Page MenuHomePhabricator

Alert on missing Prometheus metrics
Closed, ResolvedPublic

Description

Today with T325533 we started to miss out on metrics in Prometheus and I missed that since I was travelling and working on other things. Lets create a simple alert that checks that we have metrics in Prometheus and if we miss it, alert.

Event Timeline

Seea also T225739: Create Icinga check for navtiming.py service health, which added meta metrics to our Prometheus exporter in navtiming.py and SRE o11y also helped us with alerts at the time. These alerts did not fire, so I guess something went wrong there unless those metrics genuinely kept working while only some of them stopped?

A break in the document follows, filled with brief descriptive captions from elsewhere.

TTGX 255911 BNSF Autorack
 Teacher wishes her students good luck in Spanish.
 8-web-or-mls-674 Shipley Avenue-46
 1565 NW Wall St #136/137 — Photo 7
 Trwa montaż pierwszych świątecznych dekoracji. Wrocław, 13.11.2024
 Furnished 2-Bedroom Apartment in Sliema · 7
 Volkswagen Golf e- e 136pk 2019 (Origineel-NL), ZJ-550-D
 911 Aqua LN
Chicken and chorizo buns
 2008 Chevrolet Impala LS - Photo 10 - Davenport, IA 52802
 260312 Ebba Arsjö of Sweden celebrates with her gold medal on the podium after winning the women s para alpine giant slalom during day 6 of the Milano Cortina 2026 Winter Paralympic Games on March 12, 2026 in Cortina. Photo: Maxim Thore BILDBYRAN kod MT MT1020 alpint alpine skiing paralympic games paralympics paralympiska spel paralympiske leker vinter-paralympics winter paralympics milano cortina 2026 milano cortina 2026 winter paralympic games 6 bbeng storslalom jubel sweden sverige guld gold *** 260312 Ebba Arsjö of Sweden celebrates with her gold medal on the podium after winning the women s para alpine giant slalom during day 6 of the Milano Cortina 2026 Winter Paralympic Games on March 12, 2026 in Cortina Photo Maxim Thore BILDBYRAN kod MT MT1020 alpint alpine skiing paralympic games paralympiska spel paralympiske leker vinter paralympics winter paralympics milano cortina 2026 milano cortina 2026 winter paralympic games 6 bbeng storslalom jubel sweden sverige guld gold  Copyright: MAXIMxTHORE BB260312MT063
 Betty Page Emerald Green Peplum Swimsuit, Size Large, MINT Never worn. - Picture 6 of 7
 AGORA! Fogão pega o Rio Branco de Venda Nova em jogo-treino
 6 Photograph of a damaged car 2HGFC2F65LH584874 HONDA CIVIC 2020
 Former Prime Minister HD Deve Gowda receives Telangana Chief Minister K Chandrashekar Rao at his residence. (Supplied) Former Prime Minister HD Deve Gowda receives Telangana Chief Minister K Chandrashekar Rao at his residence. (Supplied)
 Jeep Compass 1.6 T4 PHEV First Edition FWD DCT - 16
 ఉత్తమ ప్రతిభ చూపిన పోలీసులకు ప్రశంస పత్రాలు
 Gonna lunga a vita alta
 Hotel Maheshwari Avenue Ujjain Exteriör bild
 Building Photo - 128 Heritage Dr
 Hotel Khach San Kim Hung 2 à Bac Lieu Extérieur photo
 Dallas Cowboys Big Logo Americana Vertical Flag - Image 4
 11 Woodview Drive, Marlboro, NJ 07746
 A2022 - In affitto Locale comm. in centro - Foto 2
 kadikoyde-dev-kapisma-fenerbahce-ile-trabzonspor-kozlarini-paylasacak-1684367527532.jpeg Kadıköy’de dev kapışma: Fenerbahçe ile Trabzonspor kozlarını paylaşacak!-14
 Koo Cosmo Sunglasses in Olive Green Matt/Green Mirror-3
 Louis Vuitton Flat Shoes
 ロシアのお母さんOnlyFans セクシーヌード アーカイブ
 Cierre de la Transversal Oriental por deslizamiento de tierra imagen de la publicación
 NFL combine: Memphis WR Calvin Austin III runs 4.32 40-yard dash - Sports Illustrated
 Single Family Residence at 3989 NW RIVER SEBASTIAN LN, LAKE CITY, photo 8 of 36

Looking at the meta metrics, webperf_latest_handled_time_seconds, I see that indeed it has a multi-hour gap https://w.wiki/68Dc:

Screenshot 2022-12-19 at 17.06.46.png (1×2 px, 341 KB)

This plots the difference between 1) the timestamp we store during the regular running of navtiming.py (set to current clocktime on webperf server every time we process a message from Kafka), and 2) the clock time of the Prometheus server at the time it scraped that metric from navtiming.py. In other words, it measures the time we take in our python process to iterate and send the metrics (only a few milliseconds) plus the time between that and the next scrape. This is normally around 45-60 seconds since Prometheus in production scrapes slightly faster than once a minute typically.

The alert query for this is in https://gerrit.wikimedia.org/g/operations/alerts/+/refs/heads/master/team-perf/. I suspect that what's going on is, when the metric isn't reported, it yields null or yields the diff of the last minute as it was at the time. This would correctly detect when the service is working but backlogged due to slow processing or something, but would not detect any kind of actual downtime or collection problem as was the case here.

See also: T323749: Add documentation for rollback/if something fails when deploying navtiming.py.

For now I added one alert query for CPU benchmark metrics (that also fired when it stopped to work yesterday) and lets look into the problem why the other alert didn't fire too.

I changed so if we are missing out on first Contentful paint, Grafana will alert. That should be enough for now.